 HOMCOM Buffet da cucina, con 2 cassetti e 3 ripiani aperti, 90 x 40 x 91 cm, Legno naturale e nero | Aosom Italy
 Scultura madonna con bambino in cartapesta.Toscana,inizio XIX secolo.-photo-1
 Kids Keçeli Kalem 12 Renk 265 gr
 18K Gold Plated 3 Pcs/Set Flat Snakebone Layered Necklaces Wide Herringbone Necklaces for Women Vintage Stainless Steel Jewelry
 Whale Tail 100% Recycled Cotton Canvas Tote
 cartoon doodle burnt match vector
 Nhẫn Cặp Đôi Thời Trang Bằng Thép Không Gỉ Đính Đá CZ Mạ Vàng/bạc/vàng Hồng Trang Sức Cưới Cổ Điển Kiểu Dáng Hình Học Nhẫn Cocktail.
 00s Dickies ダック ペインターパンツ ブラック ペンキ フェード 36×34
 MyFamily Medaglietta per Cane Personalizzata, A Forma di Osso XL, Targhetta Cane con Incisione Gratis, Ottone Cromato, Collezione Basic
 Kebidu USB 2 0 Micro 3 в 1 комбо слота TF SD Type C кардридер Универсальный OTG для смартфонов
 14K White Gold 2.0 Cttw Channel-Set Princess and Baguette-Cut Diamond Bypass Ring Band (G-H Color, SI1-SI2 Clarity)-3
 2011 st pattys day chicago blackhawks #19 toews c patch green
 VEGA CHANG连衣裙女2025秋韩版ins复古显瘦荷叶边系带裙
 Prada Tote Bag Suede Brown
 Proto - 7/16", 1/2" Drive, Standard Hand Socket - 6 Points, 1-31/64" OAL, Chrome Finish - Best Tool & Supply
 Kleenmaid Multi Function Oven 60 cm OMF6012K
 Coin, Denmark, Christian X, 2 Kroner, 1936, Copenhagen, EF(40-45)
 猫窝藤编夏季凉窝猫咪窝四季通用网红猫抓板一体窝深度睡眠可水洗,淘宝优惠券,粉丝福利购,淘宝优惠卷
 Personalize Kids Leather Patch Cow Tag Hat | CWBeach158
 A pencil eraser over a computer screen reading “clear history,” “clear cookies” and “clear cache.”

- _WHAT IS EXPECTED_: Once you have located every line with the word "Tote" in the material above, list those lines.

- _SOLUTION TO THE PROBLEM_:
 Whale Tail 100% Recycled Cotton Canvas Tote
 Prada Tote Bag Suede Brown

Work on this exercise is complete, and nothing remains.